Noi is busy baking another set of delicious scones and ensuring she uses up all the eggs purchased the other day as we prepare to motor up to some resort near Genting Highlands to join the family (well, a number of those who can make it) for a day and night together. On my side, I've managed to get some necessary marking done and other bits and pieces of work whilst Noi has put the house in good order. I'll be packing for the journey and preparing for Friday Prayers soon, but I'm now listening to the utterly brilliant eight-man version of the Crimson King making Epitaph sound as fresh and alive as the day it was written (long ago in what seemed, in its way, the most positive decade of the twentieth century. But even then as Peter Sinfield knew too well: I fear tomorrow I'll be crying. Indeed. We may think we're moving onwards but nothing really changes.)

Thursday, March 21, 2019

Well Connected

These days we're very well connected here at Maison KL. Only a very few years ago a trip here meant some degree of uncertainty with regard to getting on-line. Now we rarely if ever have a problem and with our Astro service finally restored we have Sky News, CNN, the BBC and Al Jazeera, among others, to tell us what's going on in the world.

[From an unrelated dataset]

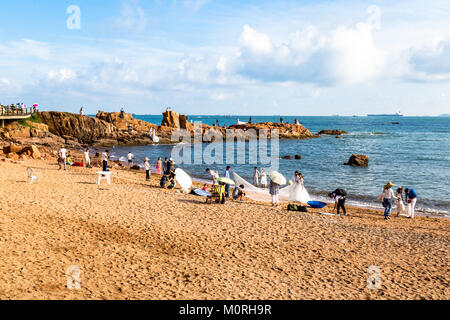 06-08-2016 - Qingdao, Chine - photographes de prendre des photos sur les albums de mariage de nombreux couples dans la plage de La Baie de Taiping Banque D'Images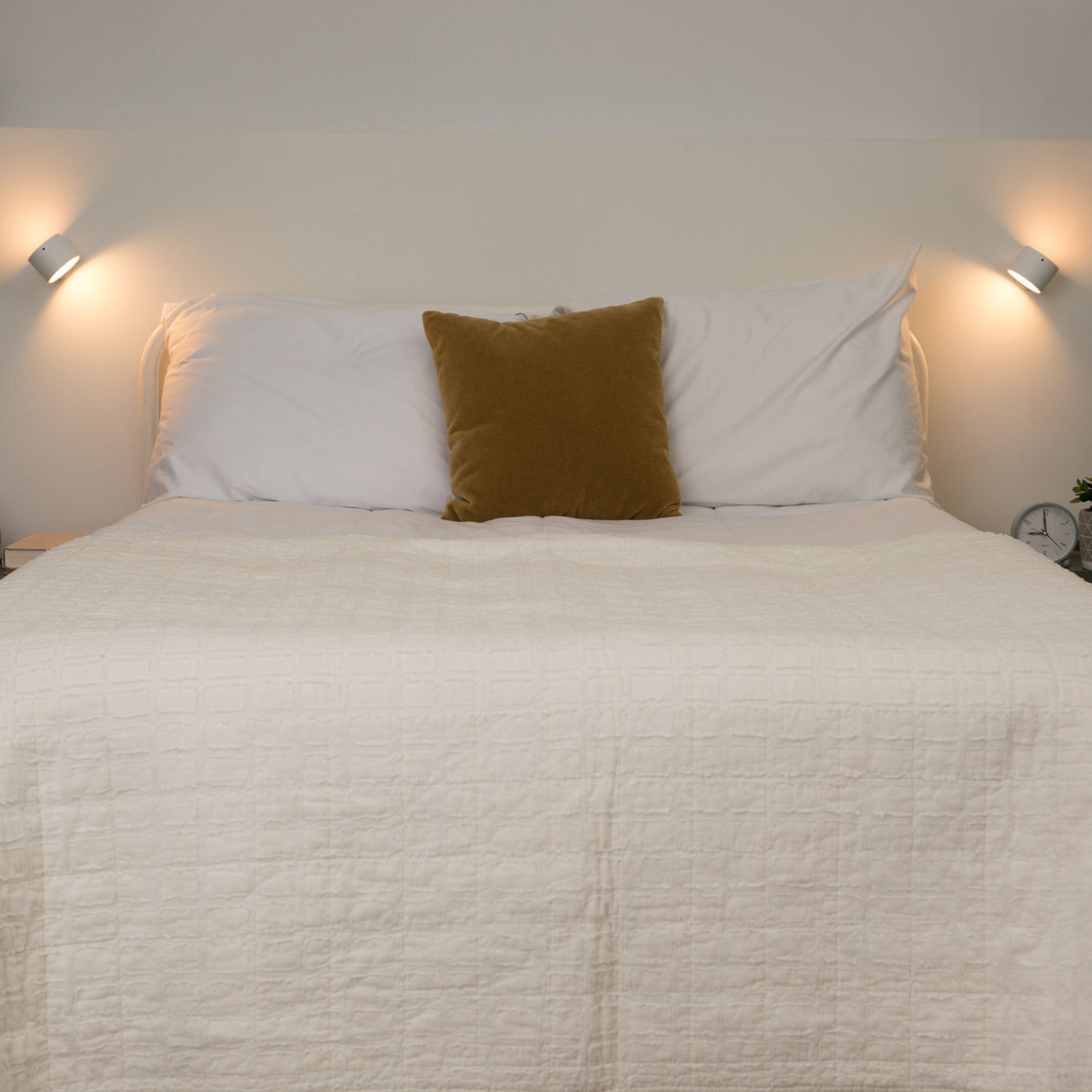 InfinityGlow – Oändligt Djup LED Vägglampa | 1+1 Gratis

The problem is, of course, that these days it might be better not to know. For example, I watched a discussion on CNN this evening relating to the phenomenon known as Brexit and rather wished I hadn't. 

Reminds me of one of James Thurber's mordant morals to those pithy fairy-tales he used to come up with: Run, don't walk, to the nearest desert island.

Wednesday, March 20, 2019

Playing A Dazzler

I can think of only one sensible way to read the poems of Sylvia Plath: very slowly, and then repeat. It's the only way to do her gifts justice. Even those poems that TH tells us were completed as exercises (as opposed to being the products of some kind of inspiration in the usual sense) are invariably dazzling in parts, and often in their entireties. Earlier today I read the seven sections of Poem For A Birthday written in November 1959 and was surprised to find out it began as a pastiche of the work of Theodore Roethke, with Plath using the imitation as a way out (in TH's words; I assume he's referring to some kind of block SP was experiencing.) The poem itself seems so full of direction with an unnerving quality typical of this period - a quality even more apparent in the poems from 1960. Yet it turns out the writer was unsure even of the quality of Mushrooms, the final poem from 1959 and a stone-cold classic if ever there was one, as the editors of numerous anthologies of modern poetry will readily testify.
 
I'm now reading the poems written early in 1961, at a point when SP has clearly found her Muse, and the darkness beckons, though the fact that the year begins with You're, possibly one the loveliest, happiest poems ever written, indicates the range of which she is capable even as despair mounts. Indeed, it occurs to me that one of the reasons I've been moving through the poems so slowly is an unconscious reluctance to deal with the final reality of that despair. This is all so sad, finally. But what a gift!

Tuesday, March 19, 2019

A Kind Of Zone

I'm in that happy place where whatever I listen to, music-wise, seems necessary and delightful at the same time. I've been there for a week or so, and would like to stay a lot longer but I suspect my ears will dull with time. It's partly to do with having the space in which to think and listen, but more to do with simple good luck. This kind of thing just happens to me.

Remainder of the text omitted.